TO DO:
The answer consists solely of the lines running from the one with "or Dorm, Oak" through the final line below, transcribed exactly and without any pictures.

DATA SECTION:
# # # # #
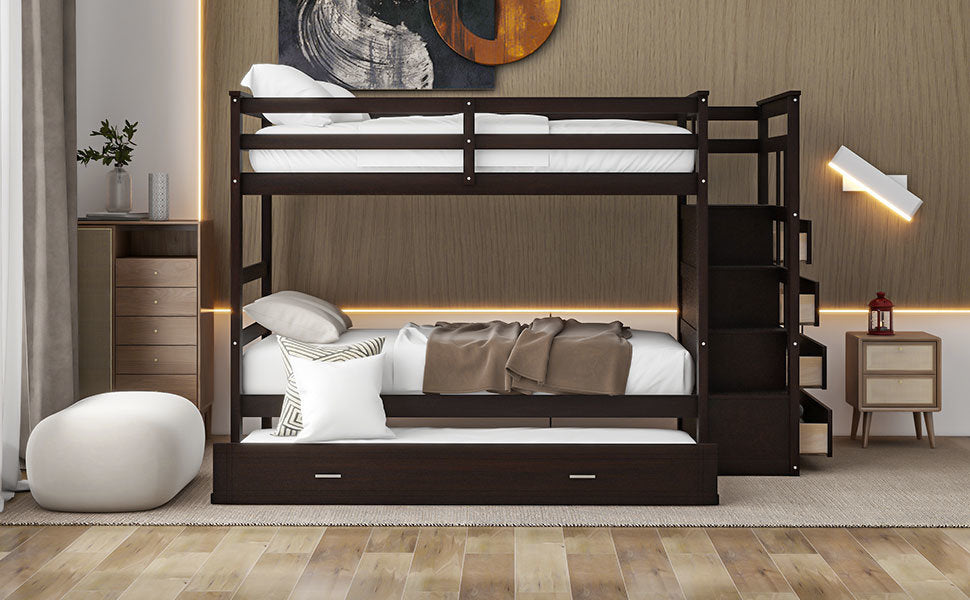 Twin Over Twin Bunk Bed with Trundle and Staircase, Espresso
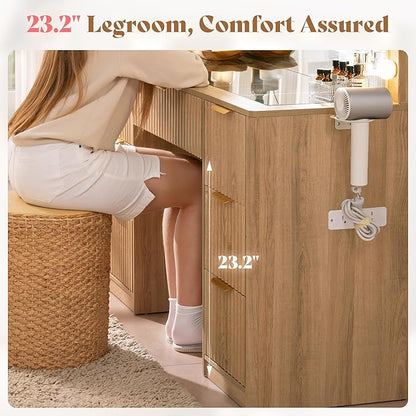 AMERLIFE 47.2" Fluted Vanity Desk with Large Mirror and Adjustable LED Lights, 7 Drawers Makeup Table with Glass Top and Charging Station for Women and Girls, Bedroom or Dorm, Oak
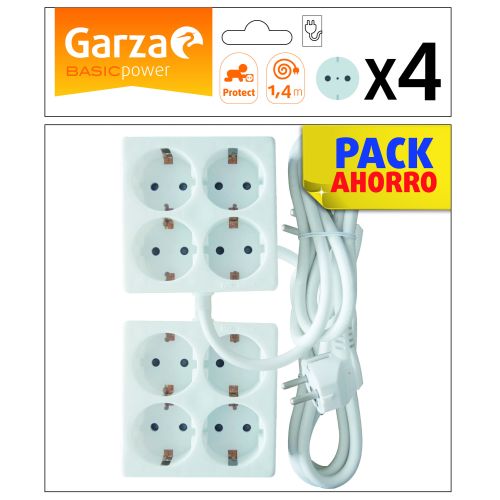 Garza - Pack de 2 Bases múltiples con 3 enchufes, Cable de 1.4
# # # # #
RESULT:
 AMERLIFE 47.2" Fluted Vanity Desk with Large Mirror and Adjustable LED Lights, 7 Drawers Makeup Table with Glass Top and Charging Station for Women and Girls, Bedroom or Dorm, Oak
 Garza - Pack de 2 Bases múltiples con 3 enchufes, Cable de 1.4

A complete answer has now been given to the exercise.